Recensione di Simona Muzzica dell’ultimo libro di Elena Ferrante “LA VITA BUGIARDA DEGLI ADULTI”

di Cloe

 

LA VITA BUGIARDA DEGLI ADULTI

Recensione di Simona Muzzica

Tutto inizia con una frase. Un paragone che ferisce Giovanna nel profondo, in un’età in cui ogni parola può far male come un macigno. “Sta facendo la faccia di Vittoria” dice il padre, pensando di non essere sentito dalla figlia. In un momento di cambiamento, Giovanna sta diventando estranea all’idea che di lei i genitori si sono costruiti, e così il padre si lascia andare a questa constatazione. Vittoria è la zia di Giovanna, una specie di Innominabile partenopea, che incarna un modo di vivere da cui la famiglia cerca di allontanarsi.

Il padre e la madre di Giovanna fanno dei libri, della cultura, delle riflessioni politiche il sapone con cui si lavano via il rione, l’ignoranza, le chiacchiere di ballatoio. Ma ci sono cose che il più forte dei detergenti non può lavare via: quella polvere che, anche se la spingi sotto il tappeto, forma una montagnetta su cui poi inciampi, e così le bugie, i tradimenti, le cattiverie vengono svelate e mostrano che in fondo, gli adulti non sono poi così diversi da quei bambini a cui intimano di non dire bugie. Anche i grandi mentono, non si picchiano con le mani, ma si feriscono con le azioni e Giovanna lotta, pagina dopo pagina, per non essere come Vittoria, come i suoi genitori, come le sue vecchie amiche d’infanzia, come i nuovi conoscenti. Come se stessa, per come si è conosciuta e per come si sta conoscendo.

Imprigionata. È così che ti senti. Le parole della Ferrante non si limitano a catturare la tua attenzione, ti imprigionano. Non importa se tu abbia tempo o meno, se la storia ti piaccia o non ti piaccia: devi leggere. Anche in questo romanzo incontriamo personaggi dai caratteri contraddittori, non a caso ancora una volta abbiamo a che fare con l’adolescenza e la fatica di crescere. Come ne ‘L’amica geniale” il finale potrebbe lasciare uno spiraglio ad un eventuale seguito.

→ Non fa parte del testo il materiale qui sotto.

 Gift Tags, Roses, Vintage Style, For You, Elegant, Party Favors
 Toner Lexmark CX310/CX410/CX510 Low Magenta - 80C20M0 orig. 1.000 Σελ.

Siamo a Napoli, la vita della giovane Giovanna viene stravolta da una semplice frase detta dall’adorato padre. Da quel momento un vortice di emozioni contrastanti, a tratti tenere e spesso feroci, accompagna la ragazzina che si ritrova divisa tra la ‘Napoli di su”, fatta di dibattiti culturali e apparenze, e la ‘Napoli di giù’, fatta di prepotente passione e violenza.

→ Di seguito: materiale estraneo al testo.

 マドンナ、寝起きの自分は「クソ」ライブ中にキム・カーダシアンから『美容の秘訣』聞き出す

In verità non saprei dire se mi è piaciuto o meno, ma come sempre – quando finisco un libro della Ferrante – mi ritrovo a dire: ‘Ah! A saper scrivere così.’

Elena Ferrante

Autrice dell’Amore molesto, da cui Mario Martone ha tratto il film omonimo. Dal romanzo successivo, I giorni dell’abbandono, è stata realizzata la pellicola di Roberto Faenza. Nel volume La frantumaglia racconta la sua esperienza di scrittrice. Nel 2006 le Edizioni E/O hanno pubblicato il romanzo La figlia oscura, da cui verrà tratto un film diretto da Maggie Gyllenhaal e con protagonista Olivia Colman, nel 2007 il racconto per bambini La spiaggia di notte illustrato da Mara Cerri e nel 2011 il primo capitolo dell’Amica geniale, seguito nel 2012 dal secondo, Storia del nuovo cognome, nel 2013 dal terzo, Storia di chi fugge e di chi resta e nel 2014 dal quarto e ultimo, Storia della bambina perduta, finalista al Man Booker International Prize 2016. Nell’autunno del 2018 è andata in onda, in Italia su Rai 1 e Timvision e negli Stati Uniti su HBO, la prima stagione della serie tratta dal romanzo L’amica geniale, con la regia di Saverio Costanzo. Nel 2019 le Edizioni E/O hanno pubblicato L’invenzione occasionale, che raccoglie i testi pubblicati originariamente in inglese sul Guardian nella traduzione di Ann Goldstein nel corso del 2018, e il romanzo La vita bugiarda degli adulti.